Belarus initiated transfer pricing (TP) regulations in 2012. Initially, these rules didn’t require taxpayers to perform specific actions, such as notifying tax authorities or preparing TP documents. However, from 2016 onwards, these obligations were gradually introduced. In 2019, Belarus significantly revamped its TP regulations, bringing them more in line with the guidelines set forth by the OECD.
Belarus does not adopt the OECD’s TP guidelines and instead follows its own local TP rules, as outlined in Article 30-1 of Belarus’s Tax Code.
Definition of Related Parties
Belarus has a well-defined set of criteria for entities or individuals to be considered related parties for TP purposes. These criteria encompass ownership of shares, voting rights, and formal status.

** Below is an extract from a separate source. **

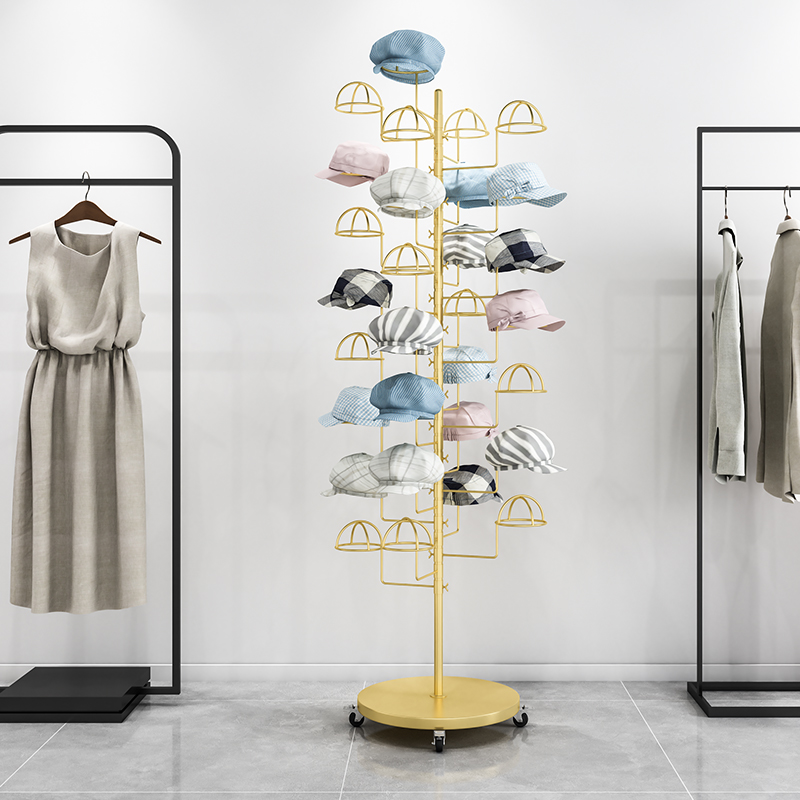 Hat display stand Floor-to-cei - Baby Clothing Rack recension och pris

Belarus introduced APAs in 2019, allowing for agreements between taxpayers and the Ministry of Taxes and Duties. These APAs provide clarity on pricing and methodologies for tax purposes. Eligible taxpayers include significant taxpayers and those involved in controlled transactions over a specific threshold.
Belarusian tax authorities carry out TP audits to verify compliance with TP regulations. These audits can include desk reviews or other forms of tax audits. If the authorities identify price deviations from market ranges, they may modify the Corporate Income Tax (CIT) basis accordingly.